Thanks to everyone's comments and some further research, I figured out how to solve the problem and it was slightly different than I thought; it turned out to be a combination of a split() issue and an encoding issue. I had to both add the encoding in an explicit open statement instead of using the implicit open in the for loop, and skip the first two bytes at the beginning of the file.

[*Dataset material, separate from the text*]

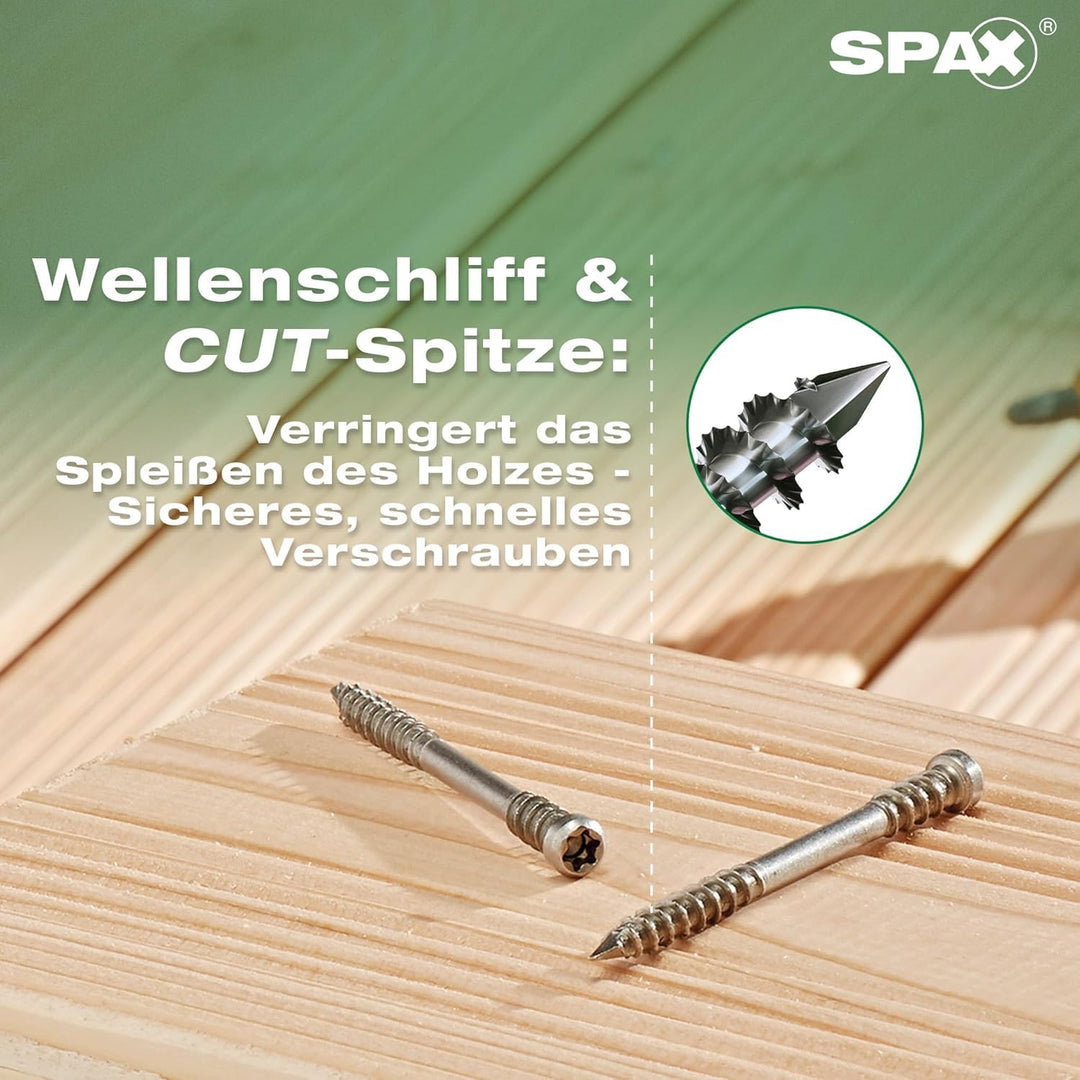 SPAX Terrassenschraube, 5 x 50 mm, 180 Stück, Fixiergewinde, Zylinderkopf, T-STAR plus T25, CUT, Ede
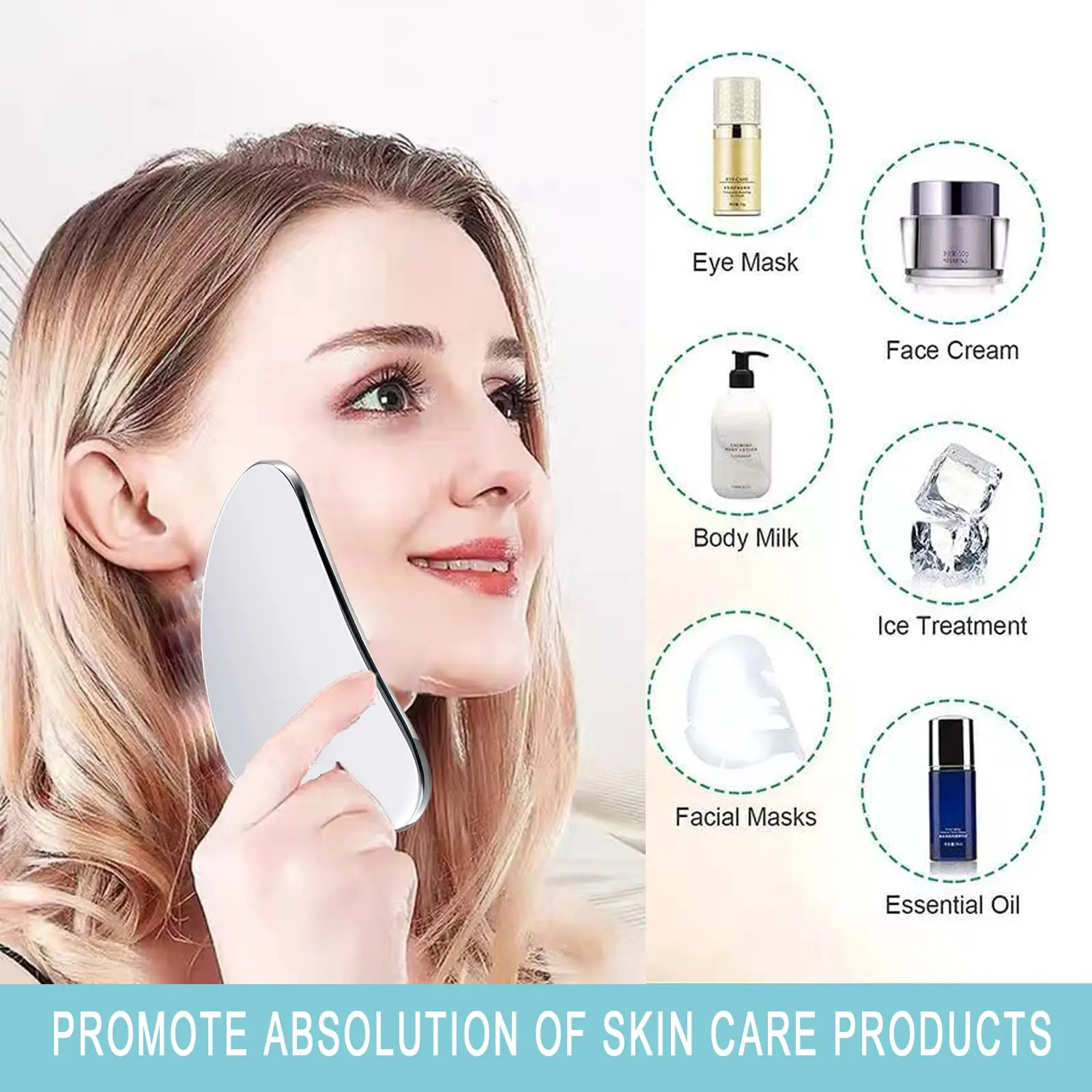 Stainless Steel Scraper Facial Massage Gua Sha Tool Face Lift Anti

Here's what the corrected, working code looks like for the section I posted in my question:
for my $infile (@ARGV){
my $outfile = $infile . '.out';
# SOLUTION part 1: added explicit open statement
open (INFILE, "<:raw:encoding(UCS-2le):crlf", $infile) or die "Error opening $infile: $!";
# SOLUTION part 2: had to skip the first two bytes of the file
seek INFILE, 2, 0;
if (!open (OUTFILE, ">$outfile")) {
die "Couldn't write to $outfile.\n";
}
binmode (OUTFILE, ":utf8");
print OUTFILE "Line#\tOriginal_Entry\tLangCode\tOffending_Char(s)\n";
$tBad = 0;
$tTot = 0;
$lineNo = 1;
while (<INFILE>) {
chomp;
$tTot++;
# SOLUTION part 3: deleted the "if" block I had here before that was handling encoding
# Rest of code in the original block is the same
}
My code now properly recognizes tab characters adjacent to characters not part of the extended Latin set, and splits on tabs as it should.
NOTE: Another solution would have been to enclose the foreign words in double quotes, but, in our case, we couldn't guarantee that our input files would be formatted that way.
Thanks to everyone who commented and helped me out!